----- Source records -----

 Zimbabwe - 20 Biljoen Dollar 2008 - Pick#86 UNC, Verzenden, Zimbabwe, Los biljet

-----
----- Source records -----

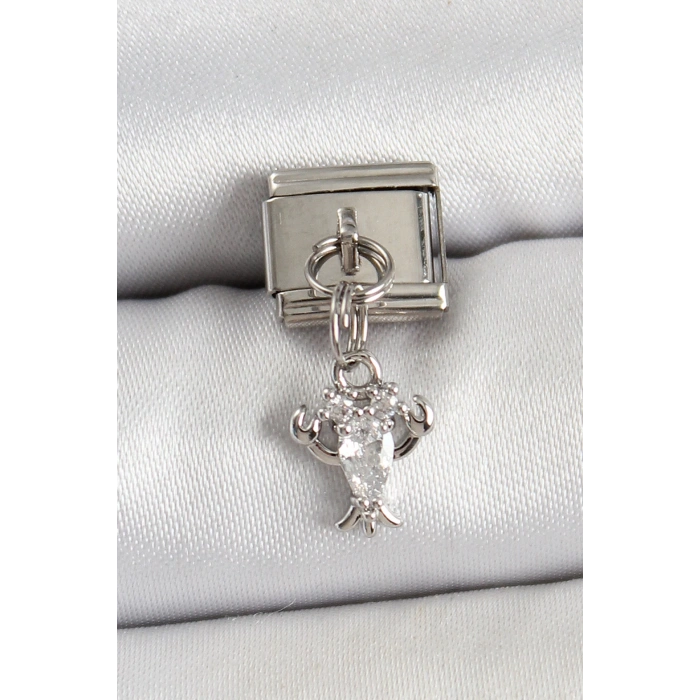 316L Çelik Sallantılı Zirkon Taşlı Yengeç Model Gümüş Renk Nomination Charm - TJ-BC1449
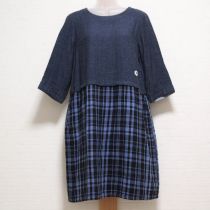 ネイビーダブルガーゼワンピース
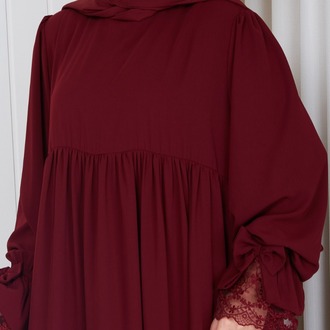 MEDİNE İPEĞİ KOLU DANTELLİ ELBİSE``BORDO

-----

* _Task instructions_: Using the entries above, repeat exactly the lines from the one with "316L Çelik Sallantılı" to the one with "MEDİNE İPEĞİ KOLU", both included, and leave the pictures behind.

* _Written response_:
 316L Çelik Sallantılı Zirkon Taşlı Yengeç Model Gümüş Renk Nomination Charm - TJ-BC1449
 ネイビーダブルガーゼワンピース
 MEDİNE İPEĞİ KOLU DANTELLİ ELBİSE``BORDO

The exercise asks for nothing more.